▶ Description of the task
Excluding pictures, what does the listing below contain from the line with "Hey everybody, welcome" up to and including the line with "And so excited", word for word?

▶ Materials provided
# # #
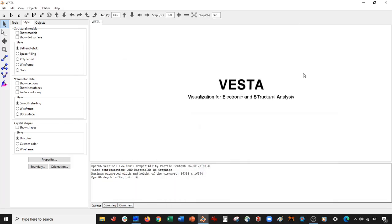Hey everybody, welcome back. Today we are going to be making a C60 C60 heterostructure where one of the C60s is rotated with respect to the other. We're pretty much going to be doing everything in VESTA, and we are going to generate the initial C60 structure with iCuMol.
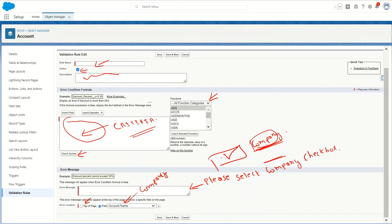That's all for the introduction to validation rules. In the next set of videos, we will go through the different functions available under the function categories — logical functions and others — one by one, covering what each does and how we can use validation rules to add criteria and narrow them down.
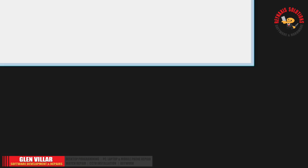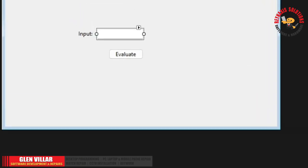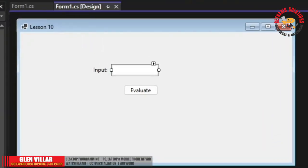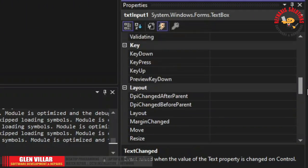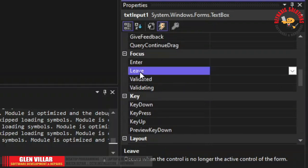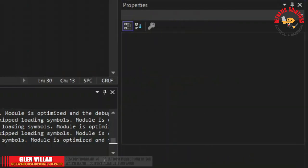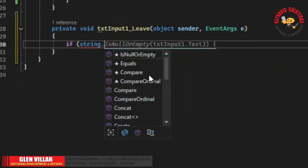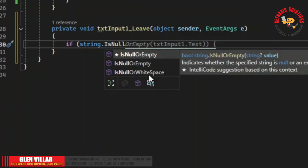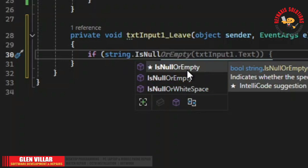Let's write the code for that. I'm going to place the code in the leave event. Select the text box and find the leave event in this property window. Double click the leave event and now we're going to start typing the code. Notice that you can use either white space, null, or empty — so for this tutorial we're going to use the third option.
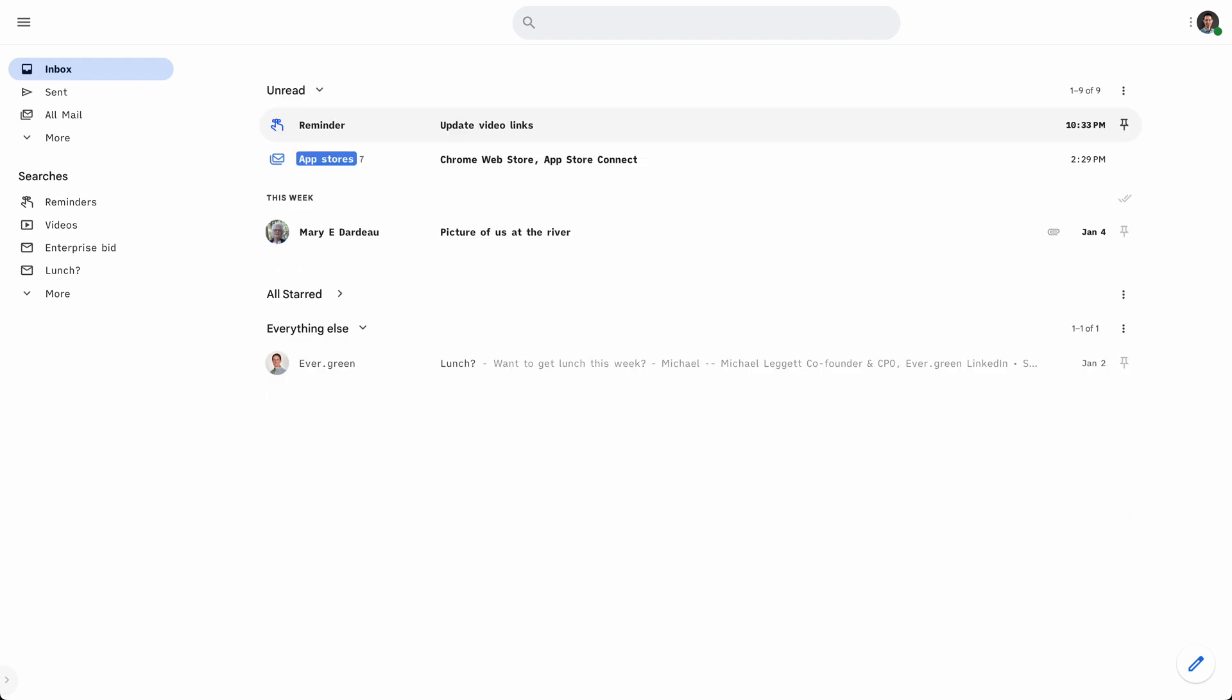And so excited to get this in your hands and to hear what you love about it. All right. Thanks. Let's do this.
# # #
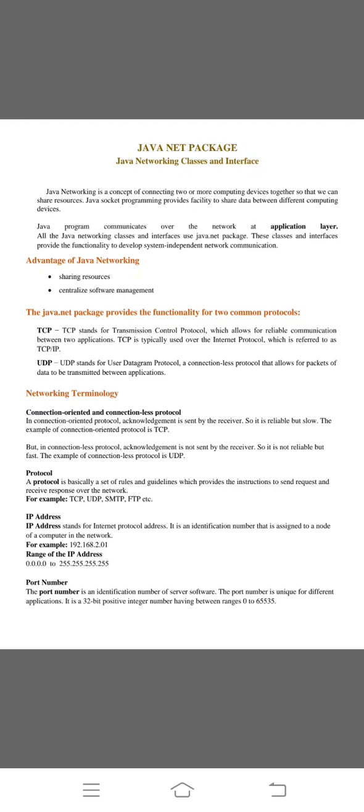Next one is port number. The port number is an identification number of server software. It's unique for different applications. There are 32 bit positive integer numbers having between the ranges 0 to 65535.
# # #
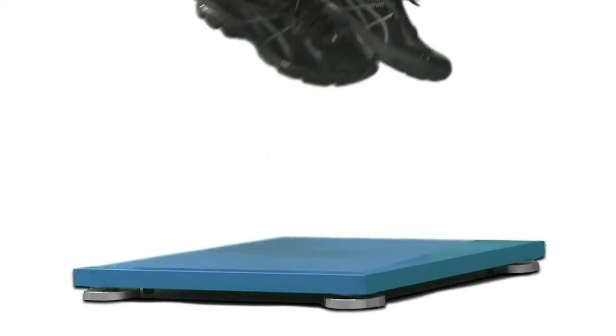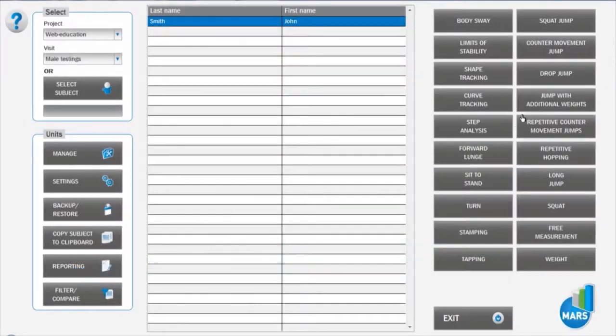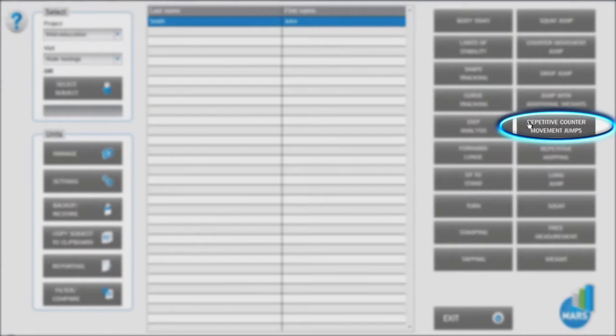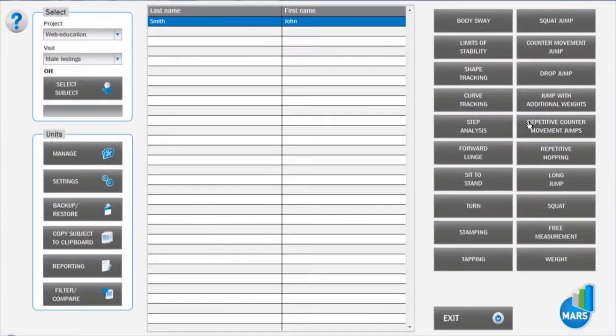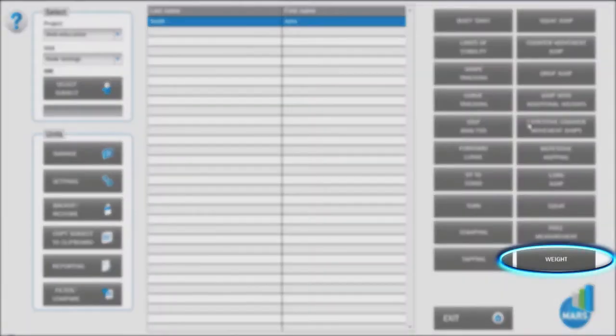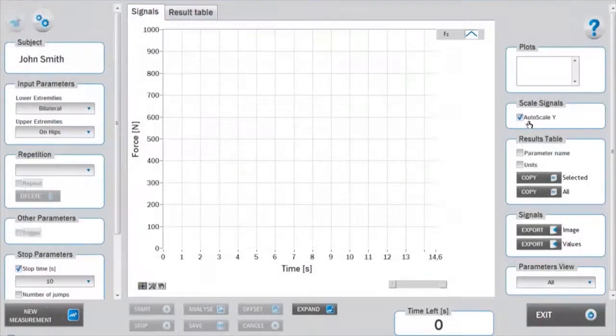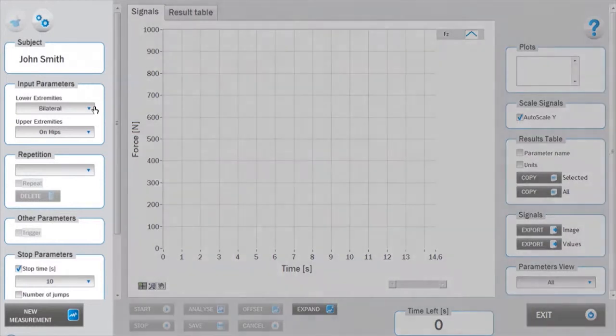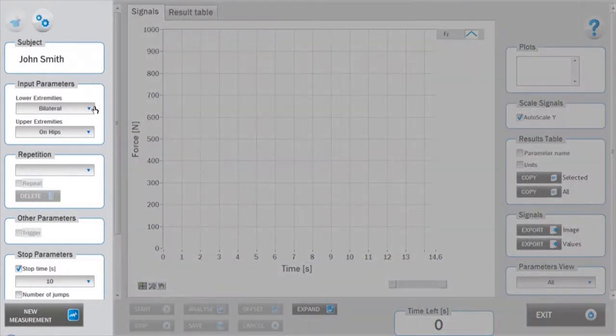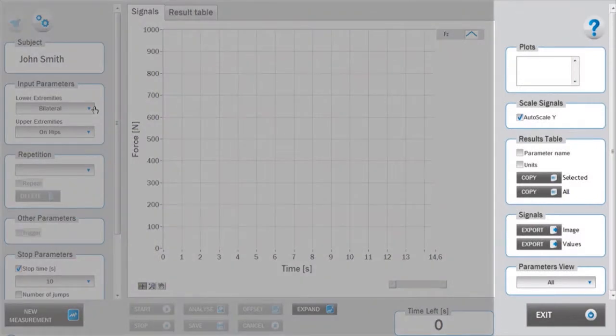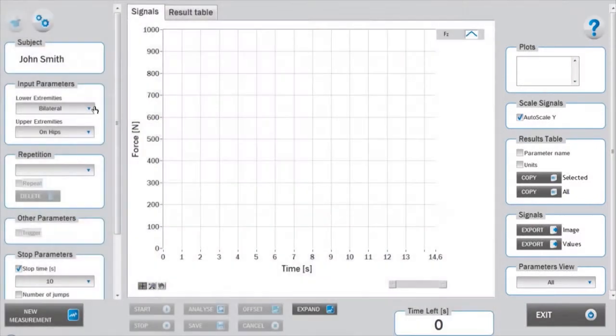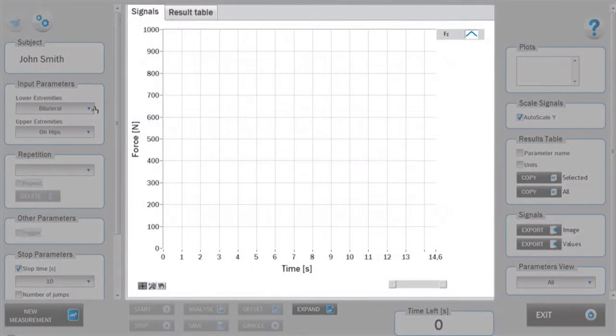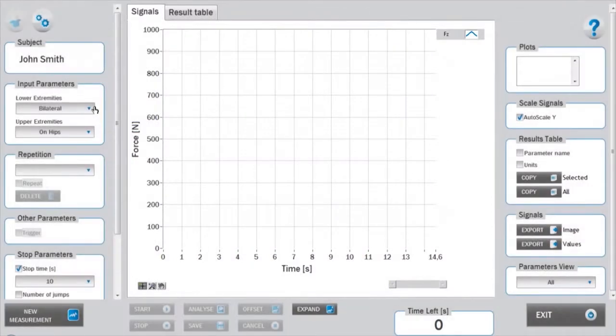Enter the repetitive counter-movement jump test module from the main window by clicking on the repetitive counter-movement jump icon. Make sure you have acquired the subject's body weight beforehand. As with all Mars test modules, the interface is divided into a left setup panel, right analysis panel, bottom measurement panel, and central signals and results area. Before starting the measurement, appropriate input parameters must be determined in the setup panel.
# # #
▶ Solution to this problem
Hey everybody, welcome back. Today we are going to be making a C60 C60 heterostructure where one of the C60s is rotated with respect to the other. We're pretty much going to be doing everything in VESTA, and we are going to generate the initial C60 structure with iCuMol.
That's all for the introduction to validation rules. In the next set of videos, we will go through the different functions available under the function categories — logical functions and others — one by one, covering what each does and how we can use validation rules to add criteria and narrow them down.
Let's write the code for that. I'm going to place the code in the leave event. Select the text box and find the leave event in this property window. Double click the leave event and now we're going to start typing the code. Notice that you can use either white space, null, or empty — so for this tutorial we're going to use the third option.
And so excited to get this in your hands and to hear what you love about it. All right. Thanks. Let's do this.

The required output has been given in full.